## Task to complete
Beginning with the line that includes "Tonar Hopey Mustard" and ending with the last line, print the records exactly, leaving every picture out.

## Records for this exercise
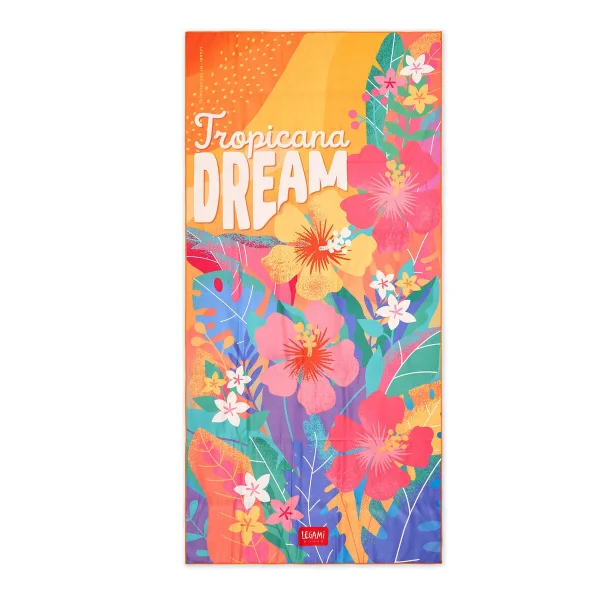 LEGAMI Strandtuch Tropicana Dream Handtuch Mikrofaser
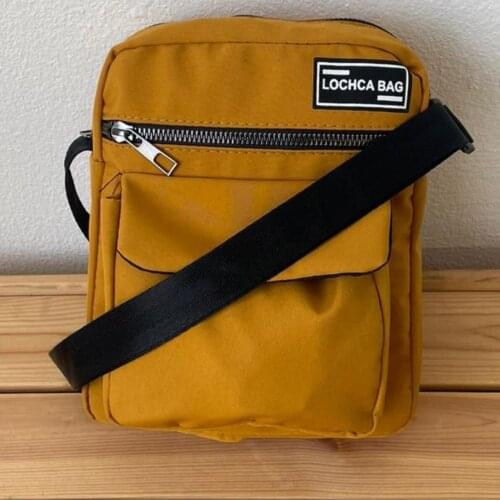 Tonar Hopey Mustard Soft Fabric Vertical Unisex Casual New Season Fashion Trend Comfortable Handy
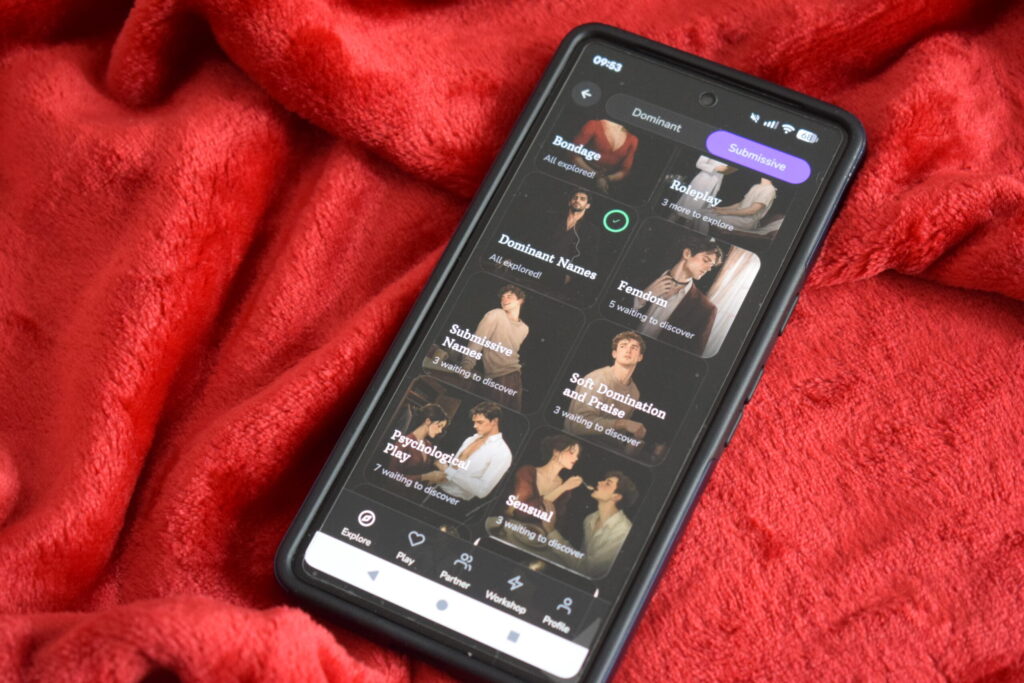 The BeMoreKinky App Review: A Playful App For Kinky Couples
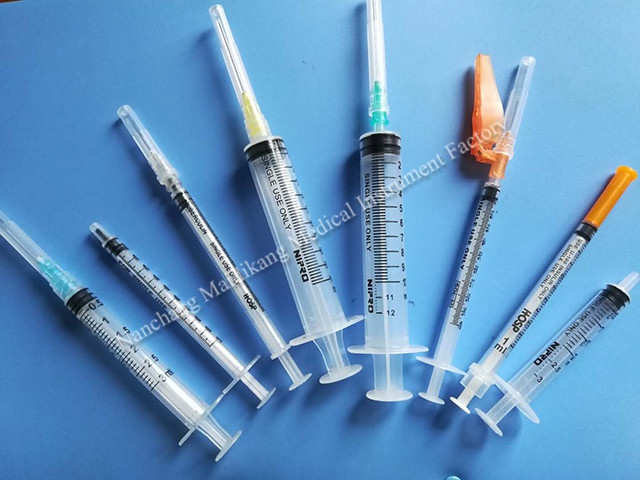 vaccine syringe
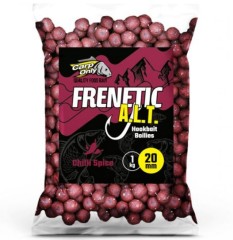 Boilies Hookbait Carp Only Frenetic A.L.T. Chilli Spice 1kg Boilies Hookbait Carp Only Frenetic A.L.T. Chilli Spice 1kg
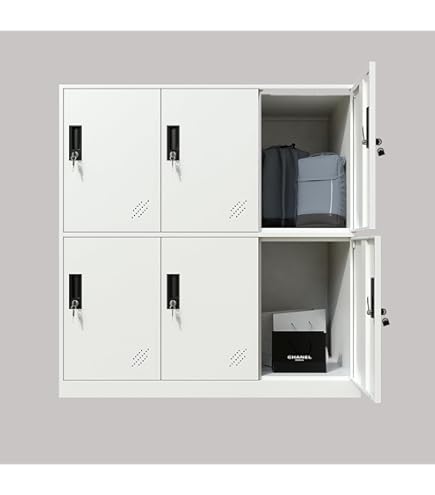 Amazon.co.jp: スチールロッカー キャビネット 9人用 10-011 : ホーム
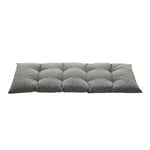 Cuscini e coperte, Cuscino da esterni Barriere, 125 x 43 cm, grigio, Grigio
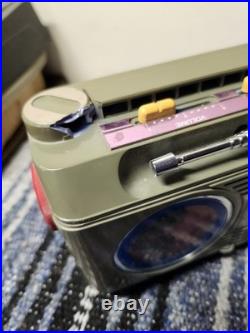 General Electric Sidestep Boom Box Untested Parts Only (Stranger Things)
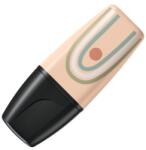 STABILO Evidențiator, 1-4 mm, STABILO „Boss Mini Nature vibes, bej
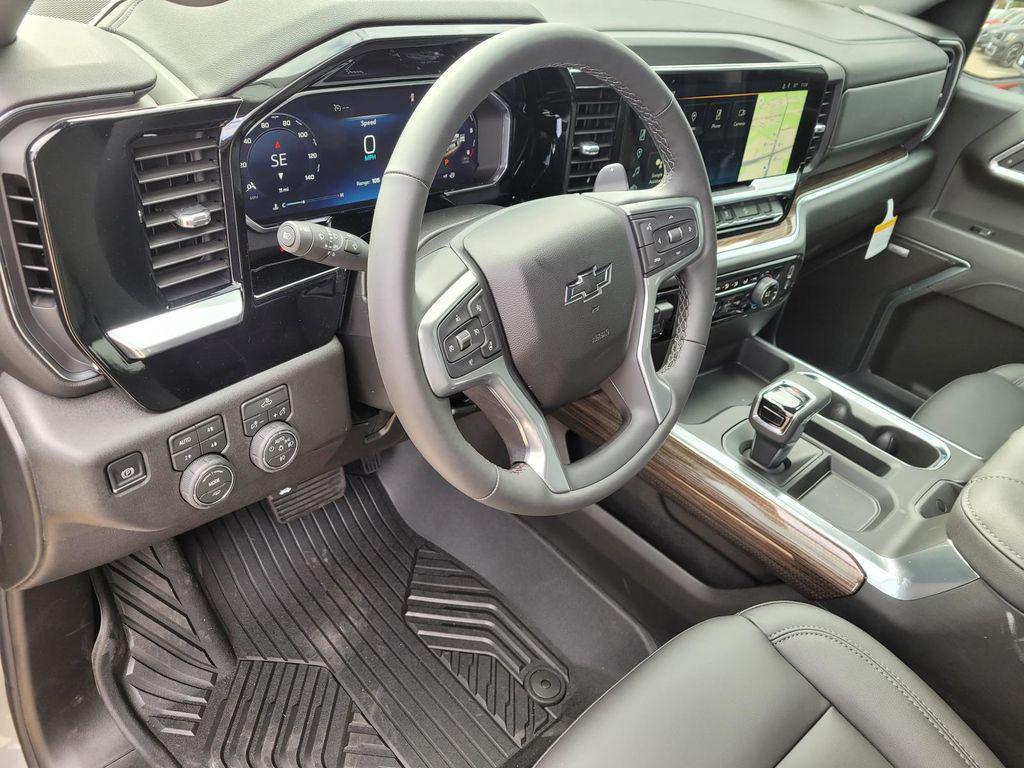 new 2026 Chevrolet Silverado 1500 car, priced at $53,750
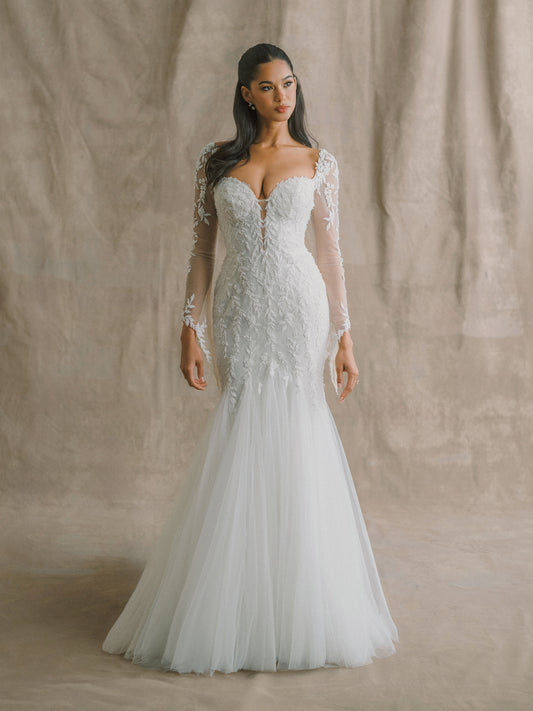 Long-Sleeved Wedding Dresses | Long Sleeved Wedding Gowns Allure Bridals Long-Sleeved Wedding Dresses | Long Sleeved Wedding Gowns Allure Bridals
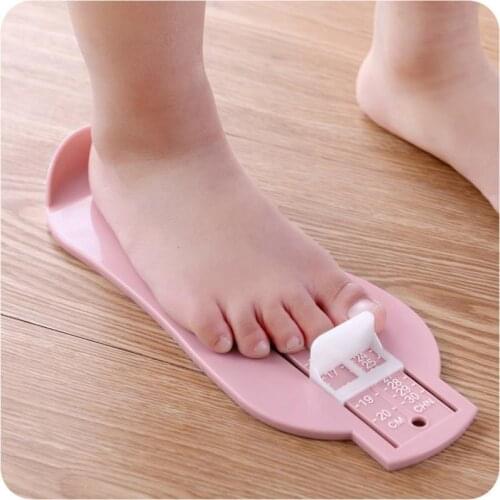 Foot Measure Gauge 3 Colors Baby Kid Foot Ruler Shoes Size Measuring Ruler Shoes Length Growing Foot Fitting Ruler Tool Measures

## Answer space
 Tonar Hopey Mustard Soft Fabric Vertical Unisex Casual New Season Fashion Trend Comfortable Handy
 The BeMoreKinky App Review: A Playful App For Kinky Couples
 vaccine syringe
 Boilies Hookbait Carp Only Frenetic A.L.T. Chilli Spice 1kg Boilies Hookbait Carp Only Frenetic A.L.T. Chilli Spice 1kg
 Amazon.co.jp: スチールロッカー キャビネット 9人用 10-011 : ホーム
 Cuscini e coperte, Cuscino da esterni Barriere, 125 x 43 cm, grigio, Grigio
 General Electric Sidestep Boom Box Untested Parts Only (Stranger Things)
 STABILO Evidențiator, 1-4 mm, STABILO „Boss Mini Nature vibes, bej
 new 2026 Chevrolet Silverado 1500 car, priced at $53,750
 Long-Sleeved Wedding Dresses | Long Sleeved Wedding Gowns Allure Bridals Long-Sleeved Wedding Dresses | Long Sleeved Wedding Gowns Allure Bridals
 Foot Measure Gauge 3 Colors Baby Kid Foot Ruler Shoes Size Measuring Ruler Shoes Length Growing Foot Fitting Ruler Tool Measures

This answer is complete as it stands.